→ **WORKING DATA**

• • •

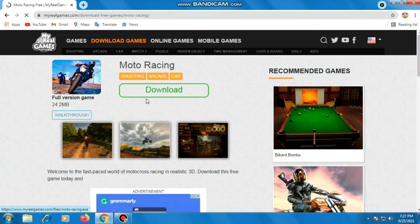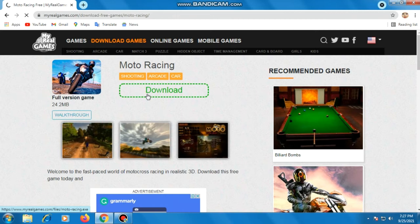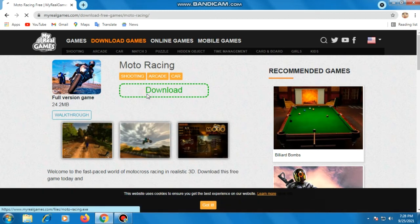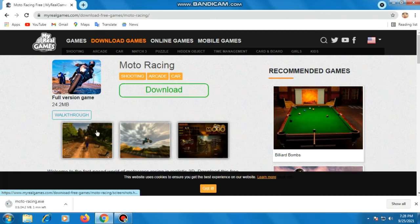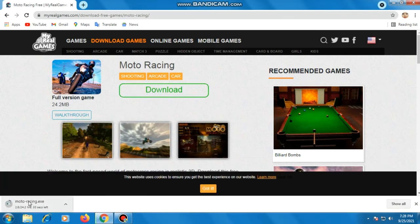You have to click the download button. Here is the download button. When you complete it, you can double tap.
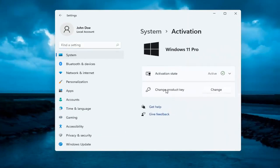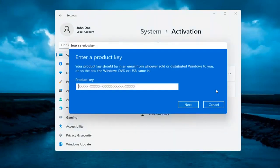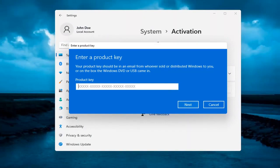It says change product key. Select the change button. At this point, insert your alternate product key. That's about it. You would select next, it would verify, and then it would activate.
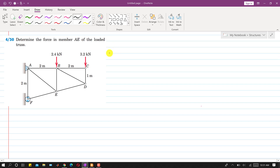Hello students, welcome to my channel. Let's solve this problem. We are given to determine the force in member AE of the loaded truss. So we are required to find the force in this member AE.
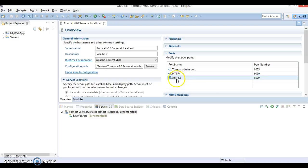The second connector is the AJP connector. It works in the same manner as the HTTP connector but uses the AJP protocol in place of HTTP. AJP connectors are commonly implemented in Tomcat through the plugin technology called mod_jk.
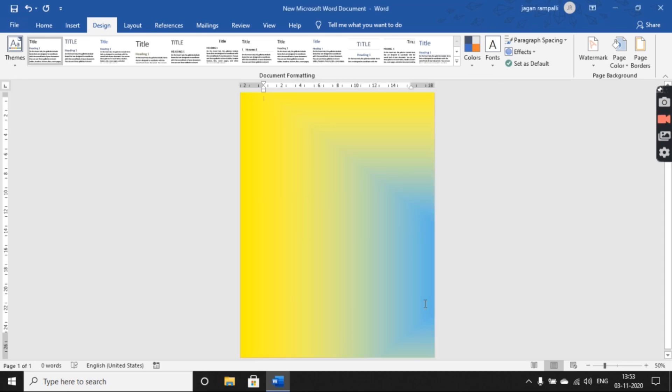The gradient effect is applied to our page in MS Word document.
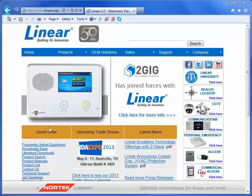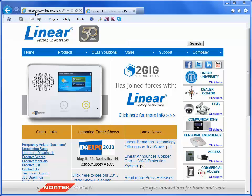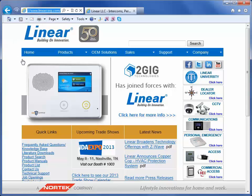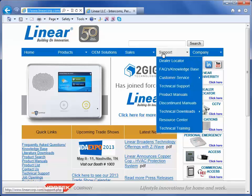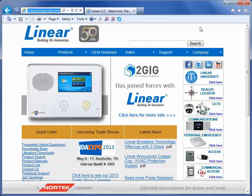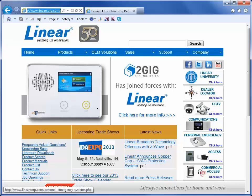First, you will need to log on to www.linearcorp.com. Then you will have two different ways that you can download the software. You can either navigate to the support tab at the top of the screen, or you can access the RA4200 installation by navigating to the right-hand side of your screen and clicking on the Personal Emergency box.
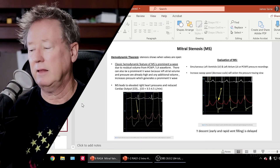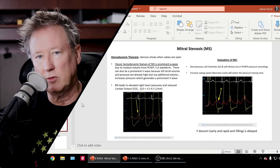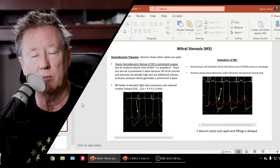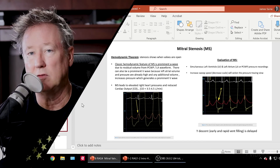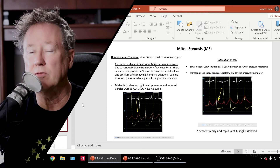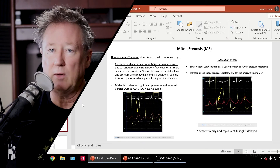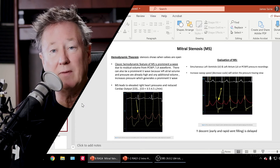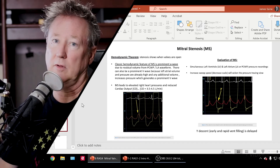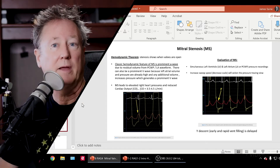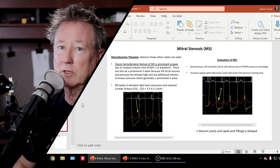Often in the cath lab you're looking at the wedge in relationship to the left ventricular pressure to evaluate the presence of mitral stenosis and mitral regurg. Generally speaking, a large A wave suggests mitral stenosis and a large V wave suggests mitral regurg — but there are no absolutes. You can have a large A wave without mitral stenosis, and a large V wave without mitral regurg. There are other things that cause a large A wave or a large V wave, but those are the typical associations.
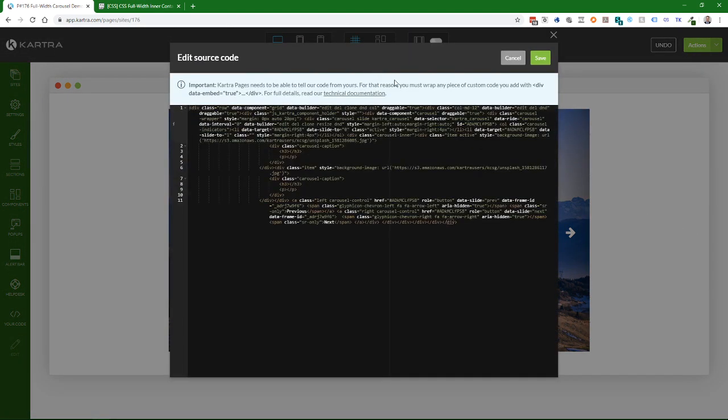If you come over here, we need to find the carousel component. There's a section that says data-component equals carousel.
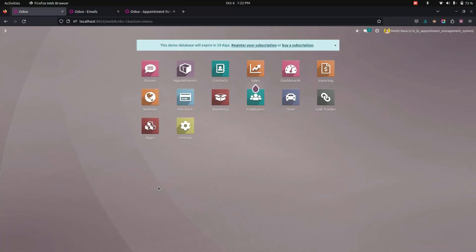Hello everyone. The Appointment Management System website module will help in managing appointments. The customer needs to enter certain information and an appointment will be booked.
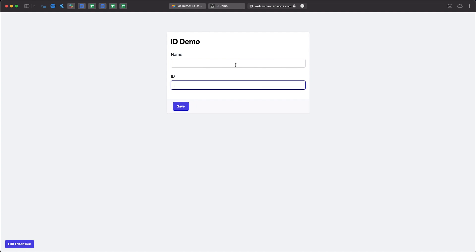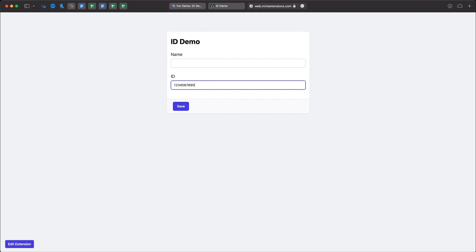In our case if we start typing the ID numbers it will prompt us that the field must contain exactly 10 characters. If we add one more it still checks it.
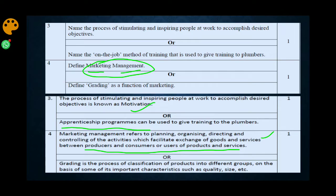Next: Define grading as a function of marketing. Grading means placing products into different groups. Grading is a part of grouping products, and this grouping is done in three ways: on the basis of quality, size, and price. For example, by size — small, medium, large; by quality — lower quality, better quality, best quality. This process is called grading.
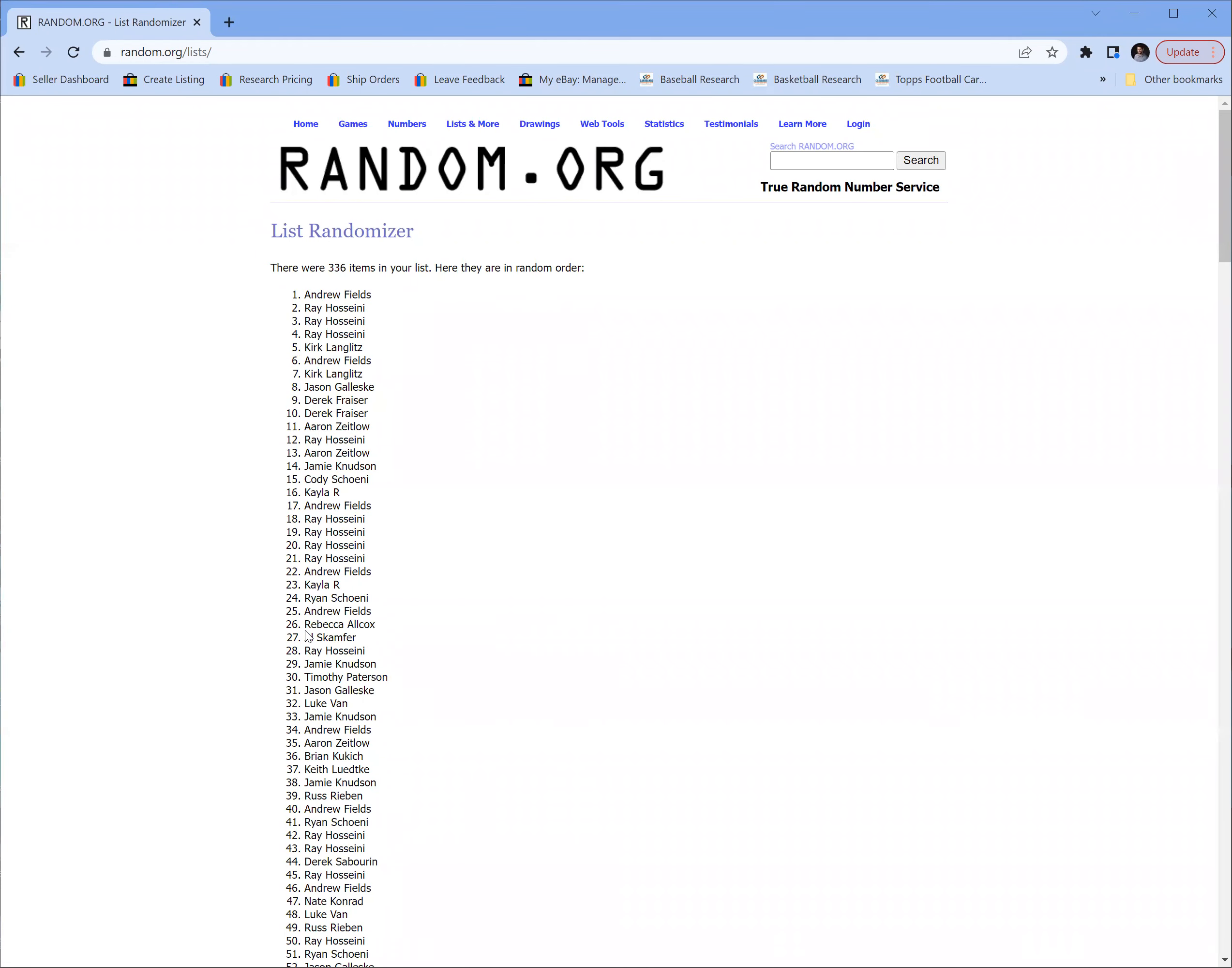Boom, Andrew Fields takes it down! Congratulations Andrew, come on in and pick up some stuff. All right buddy, thank you. We'll see you all soon.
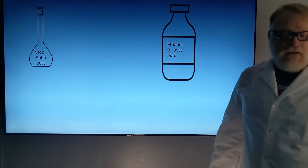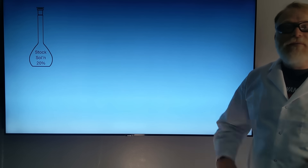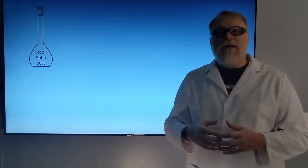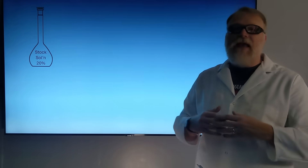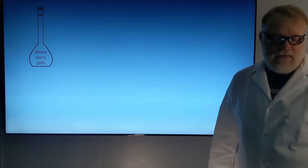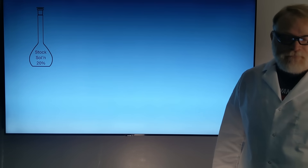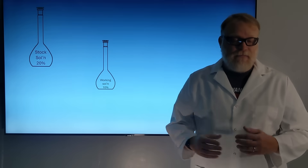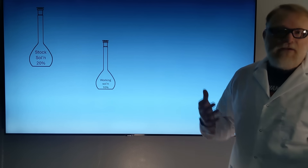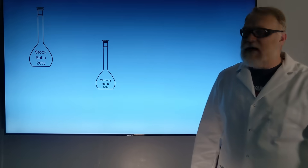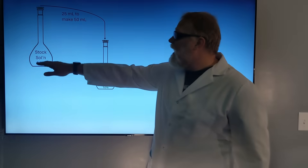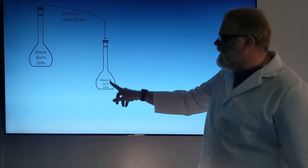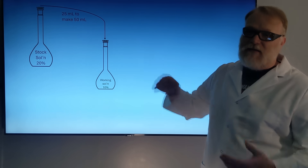Now we're working from our stock solution. We don't want to keep dipping into our pure substance, so we're going to make what's called a working solution — at 10%, just to make our dilutions a little bit easier. Using V1C1 equals V2C2 again, if I need to make 50 milliliters of my working solution, I'm going to take 25 milliliters of my stock, put it in the flask, and dilute to 50 milliliters to give me a 10% solution.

• • •

→ **TASK DESCRIPTION**
Keeping both end lines, retype exactly the lines from the first line of the material through the line that contains "Hello students, welcome", but not the pictures.

→ **WRITTEN RESPONSE**
You have to click the download button. Here is the download button. When you complete it, you can double tap.
It says change product key. Select the change button. At this point, insert your alternate product key. That's about it. You would select next, it would verify, and then it would activate.
Hello students, welcome to my channel. Let's solve this problem. We are given to determine the force in member AE of the loaded truss. So we are required to find the force in this member AE.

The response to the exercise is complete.